First centenary Jewish society did not have “believers” and “non-believers” the way we think of them in modern western nations. Their distinction was between Jews and non-Jews. Knowledge of God permeated every aspect of Jewish life, it was woven into the fabric of their culture and coloured every activity of daily life. It was the aim of the Jewish people to be part of the kingdom of heaven, it was their birthright as Jews. This was tied up in their expectations of a coming Messiah. Everyone of the multitude of Jews who followed Yeshua up that mountain and listened to this ‘Sermon on the Mount’, had a hope and expectation of being citizens of this kingdom. Everyone of them knew that Yeshua’s words were for them. This was what God had established Israel to be – His kingdom, salt and light to the world.

Yeshua continued His teaching with two simple illustrations which were easy to remember, yet profound. Again, these were designed to be memorised, meditated upon, discussed, lived, and shared with others.

You are the salt of the earth; … Matthew 5:13a NKJV

Salt is essential for life in general. Saltiness is one of the basic human tastes, thus salt is one of the oldest and most ubiquitous food seasonings. Salting is also an important method of food preservation. With the spread of civilization, salt became one of the world’s main trading commodities. Wars have been fought over salt and it has been used as currency and to raise tax revenues. It was prized by the ancient Hebrews, Greeks, Romans, Byzantines, Hittites, Egyptians, Indians and Chinese. Salt thus became an important article of trade and was transported by boat across the Mediterranean Sea, along specially built salt roads, and across the Sahara on camel caravans.

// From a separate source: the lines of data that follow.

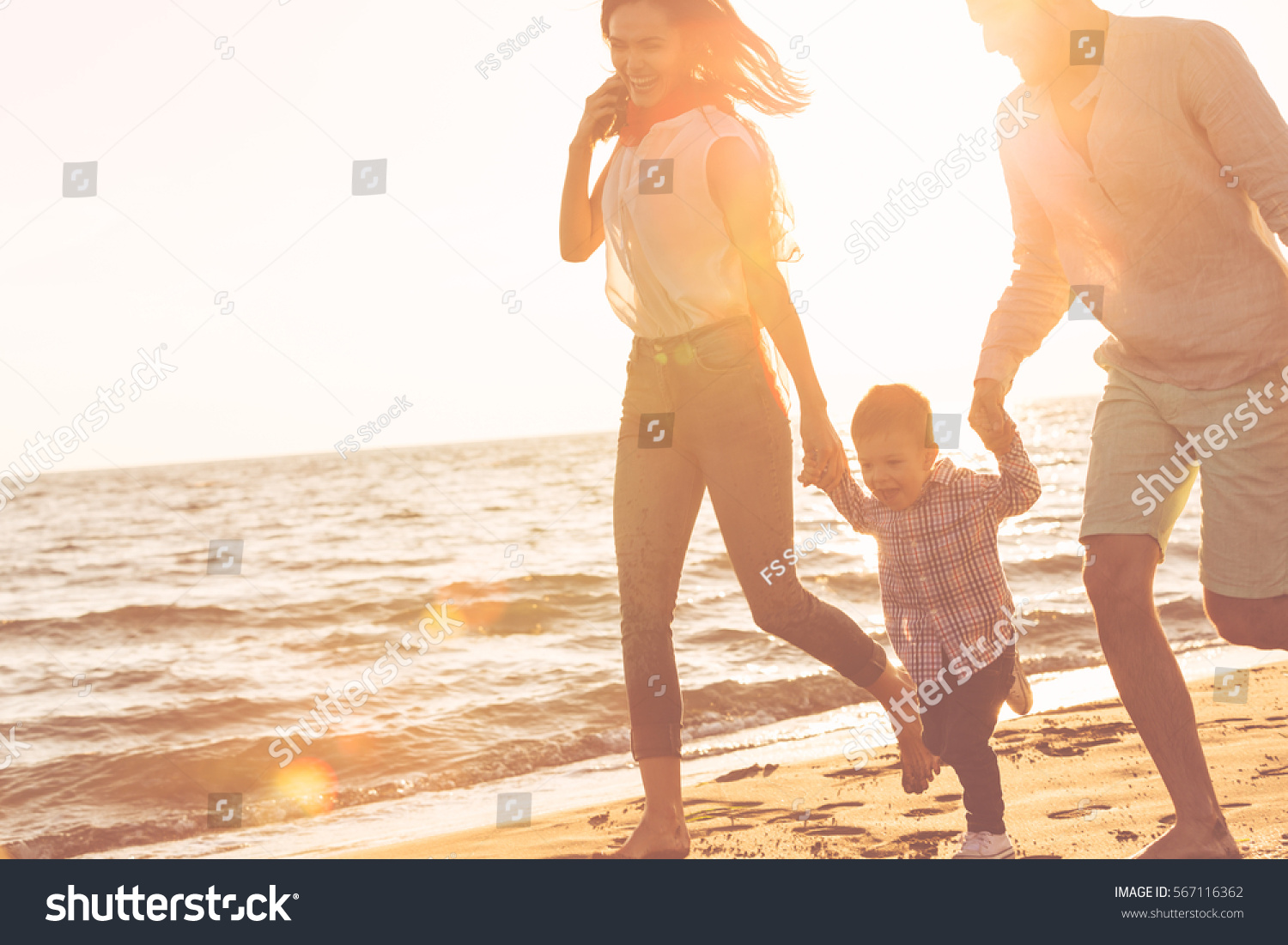 happy young family have fun on beach run and jump at sunset #567116362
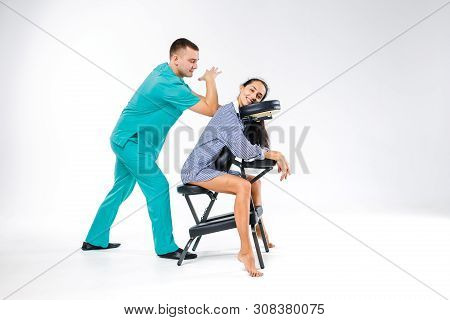 Theme Massage And Office. Male Therapist With Blue Suit Doing Back And Neck Massage For Young Woman 
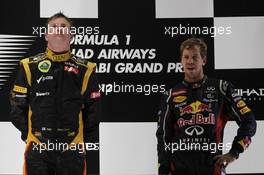 1st place Kimi Raikkonen, Lotus Renault F1 Team with Sebastian Vettel (GER), Red Bull Racing  04.11.2012. Formula 1 World Championship, Rd 18, Abu Dhabi Grand Prix, Abu Dhabi, UAE, Race Day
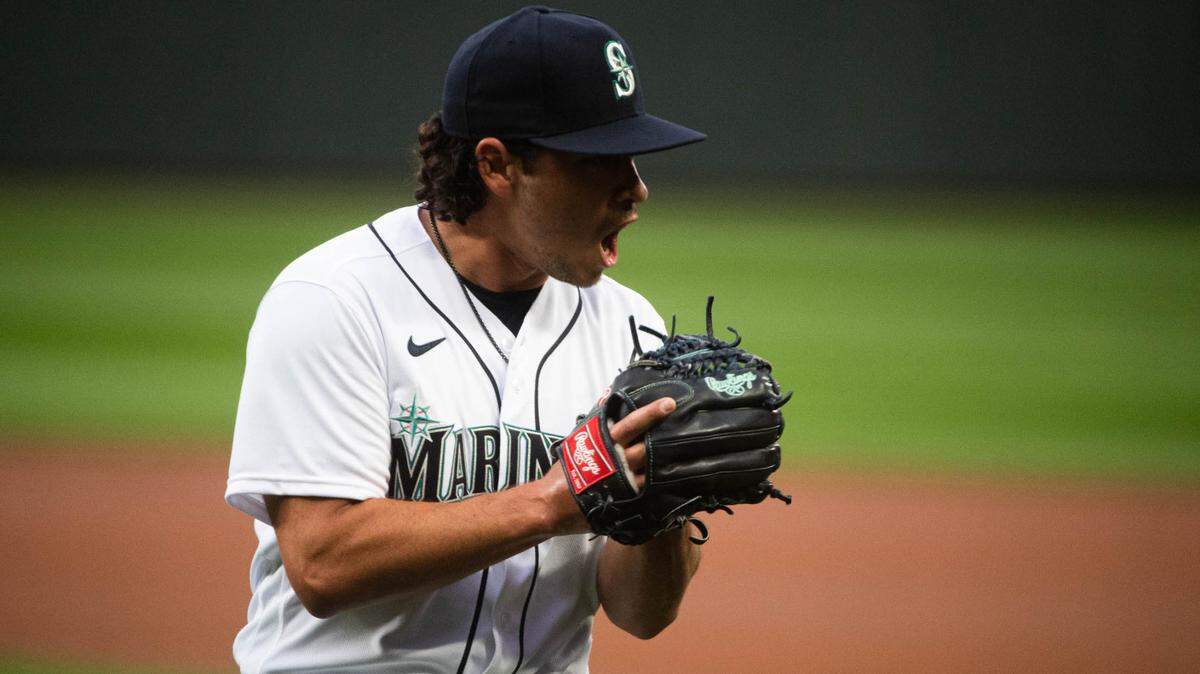 Seattle Mariners starting pitcher Marco Gonzales (7) reacts after a double play during the first inning. The Seattle Mariners played the San Francisco Giants in a Major League Baseball game at T-Mobile Park in Seattle, Wash., on Thursday, April 1, 2021.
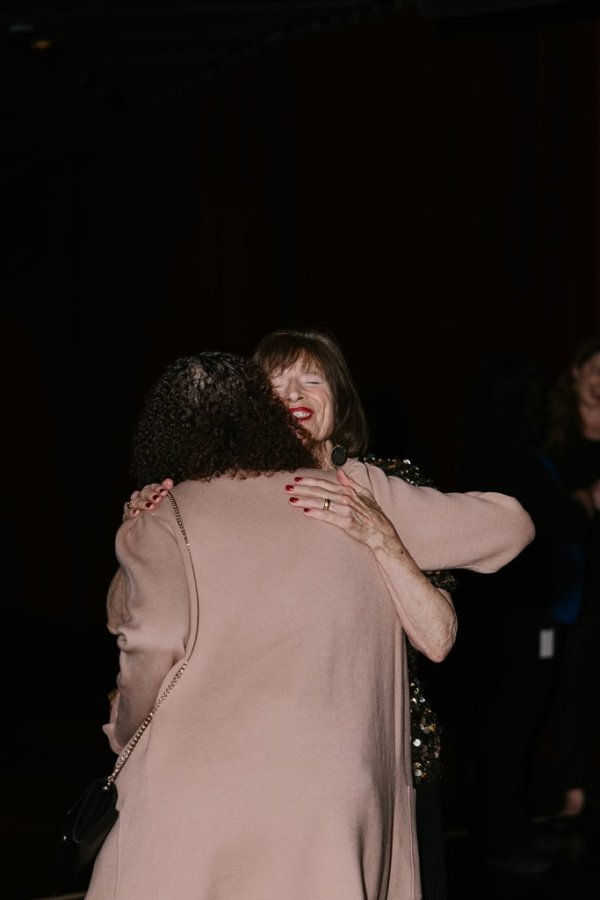 2 women embracing each other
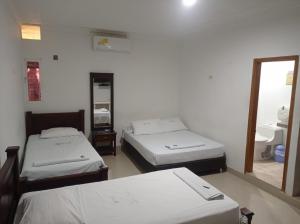 Postel nebo postele na pokoji v ubytování Hotel Damys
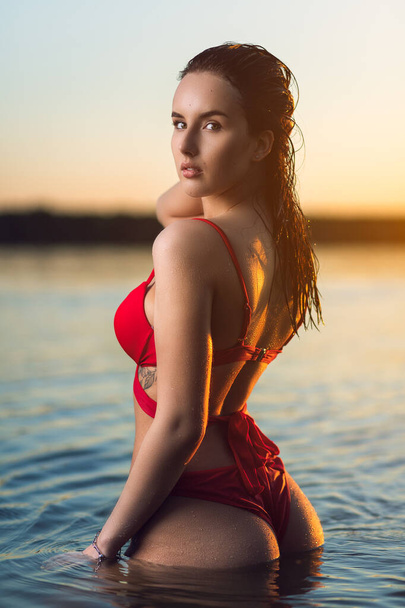 Kırmızı mayo giymiş güzel bir esmer kadın deniz kıyısında dinleniyor. Tropik deniz sahilinde güzel, sıska bir kız. - Fotoğraf, Görsel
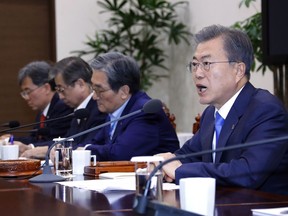 South Korean President Moon Jae-in, right, presides over a meeting of the National Security Council at the presidential Blue House in Seoul, South Korea, Monday, March 4, 2019. Moon said Seoul will actively try to get the nuclear negotiations between Washington and Pyongyang quickly back on track.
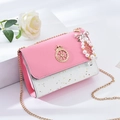Chic pink and white sequined crossbody bag with gold crown logo and pearl bow charm - With Pendant / Pink
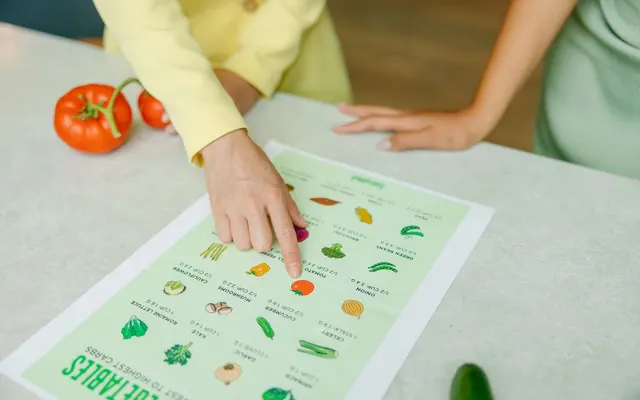 Close-up of hands pointing to a vegetable nutrition chart with fresh tomatoes on the table.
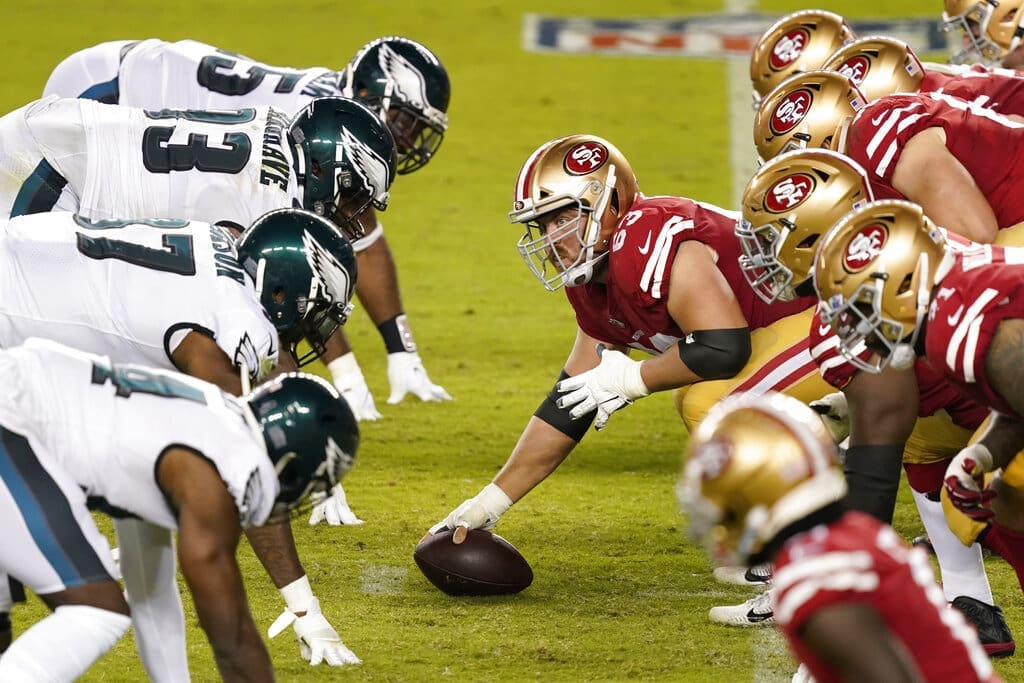 San Francisco 49ers center Ben Garland (63) prepares to snap the ball at the line of scrimmage against the Philadelphia Eagles during an NFL football game in Santa Clara, Calif., Sunday, Oct. 4, 2020. (AP Photo/Tony Avelar)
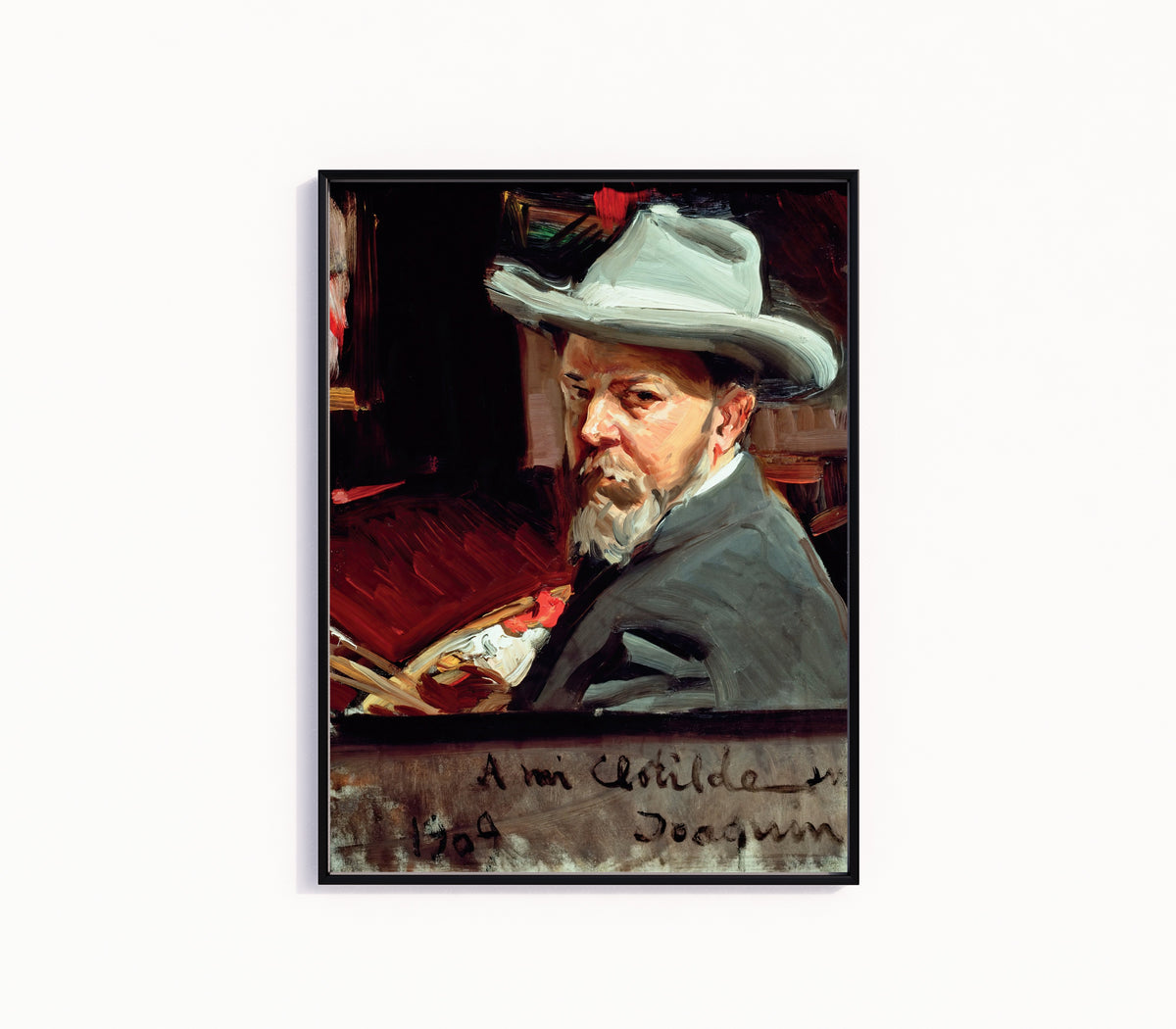 Framed art print of Self Portrait by Joaquín Sorolla, in a slim black frame on a plain white wall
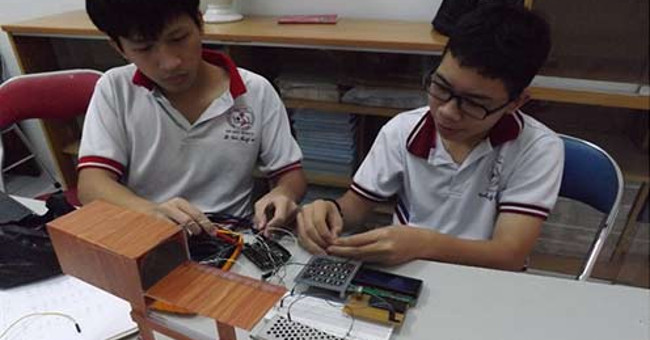 Two students built equipment to record nuclear radiation sources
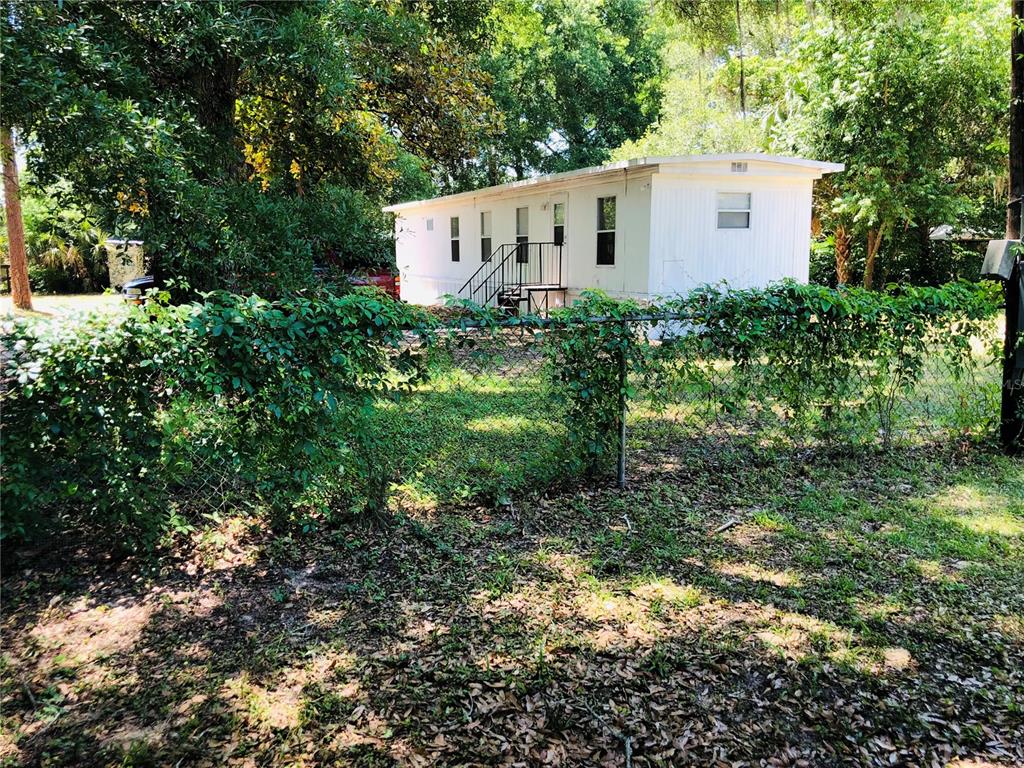 A white mobile home sits behind a chain-link fence surrounded by trees and foliage — 3545 SW 90TH STREET, OCALA, FL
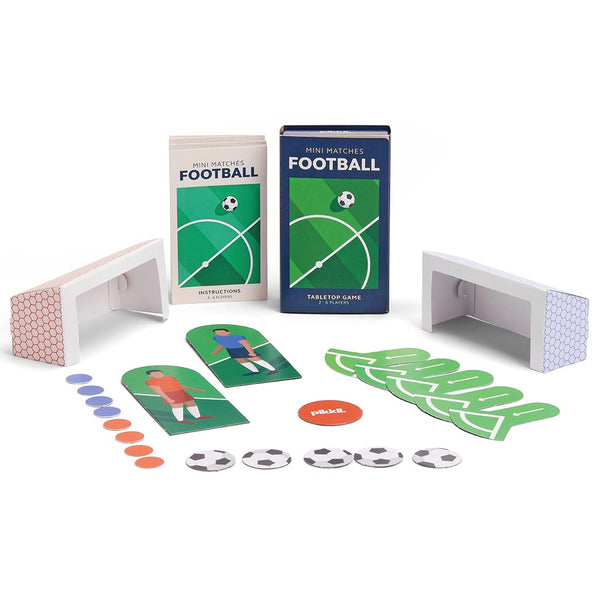 Football game pieces including goals, footballs, packaging and instructions on a white background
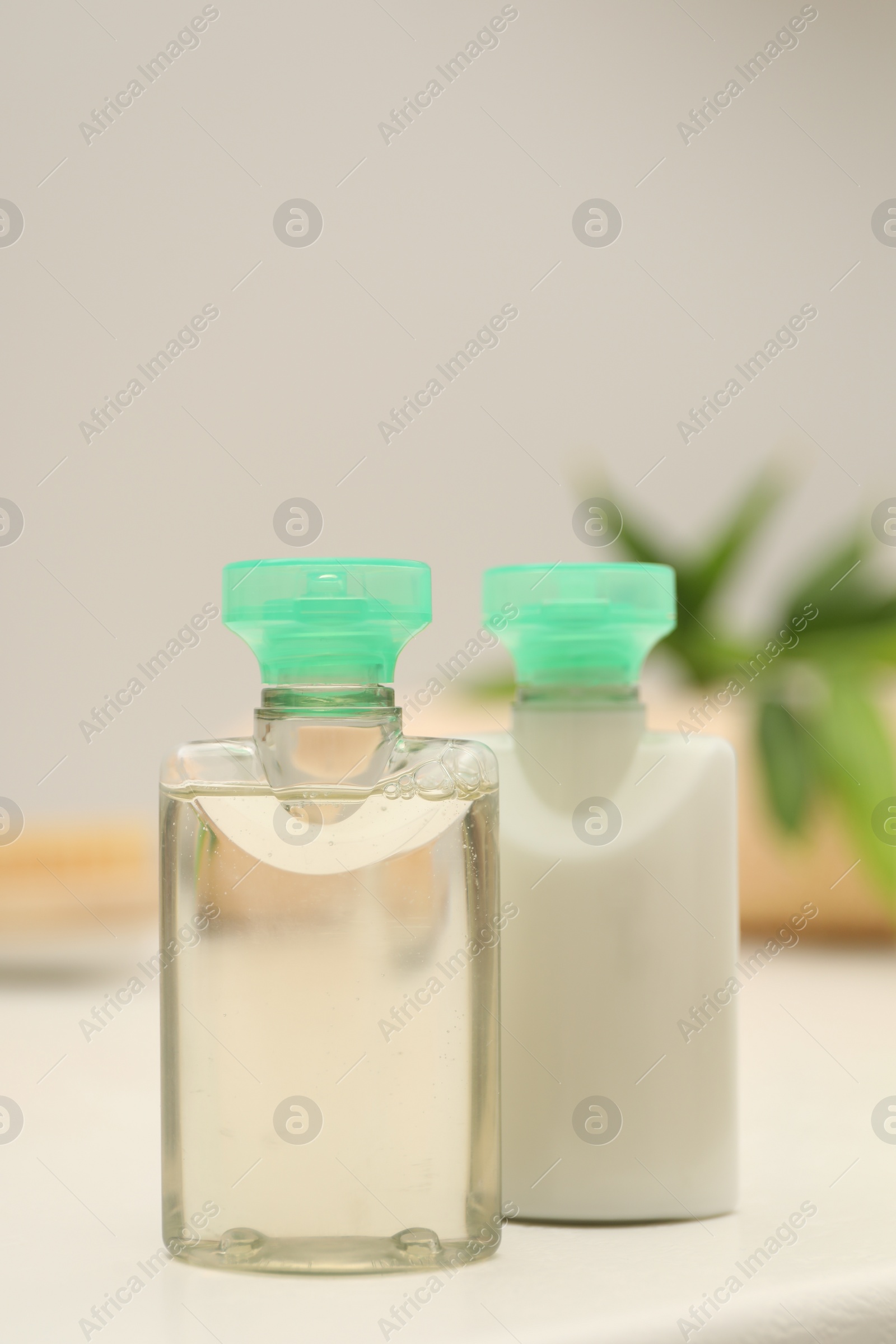 Photo of Mini bottles of cosmetic products on white table against blurred background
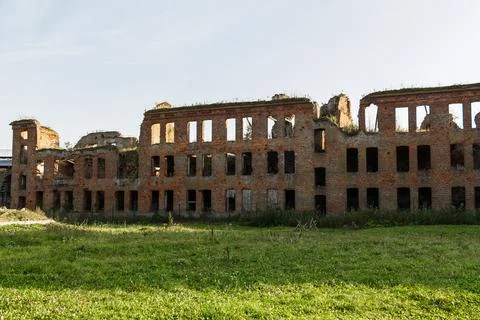 An old ruined building, without windows or doors, made of red bricks. The Stock Photos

Salt had an especially strong significance for the Jewish people. It is a very stable mineral – tastes the same in a week’s time, in a year’s time, in a hundred years time, in ten-thousand years time. Other elements of a meal – meat, grains, vegetables and herbs all degraded over time. Salt carried a sense of permeance, of endurance, it hinted at eternity. Not only that, but it helped preserve these other foods, it lengthened their life and improved their flavour. So salt had become an essential part of any covenant. In a covenant of friendship between families the meal shared had to include salt, include that which is enduring. Likewise, in God’s covenant with Israel the sacrifices offered to God had to be salted.

You shall season your every offering of meal (grain) with salt; you shall not omit from your meal offering the salt of your covenant with God; with all your offerings you must offer salt. Leviticus 2:13

When you offer them (young bull, male goat without defect and ram form the flock) before the Lord, the priests shall throw salt on them, and they will offer them up as a burnt offering to the Lord. Ezekiel 43:24

And whatever they need—young bulls, rams, and lambs for the burnt offerings of the God of heaven, wheat, salt, wine, and oil, according to the request of the priests who are in Jerusalem—let it be given them day by day without fail. Ezra 6:9

God also made two lasting covenants which He referred to as berit melakh, “covenant of salt“. The first was with Aaron and his descendants to be priests and partake of the offerings “for all time“. The second was with David and his descendants to have kingship over Israel “forever“. Thus, God kept the two branches of governance over His people, the priesthood and the kingship, separate so that each would be accountable to the other and all accountable to Him.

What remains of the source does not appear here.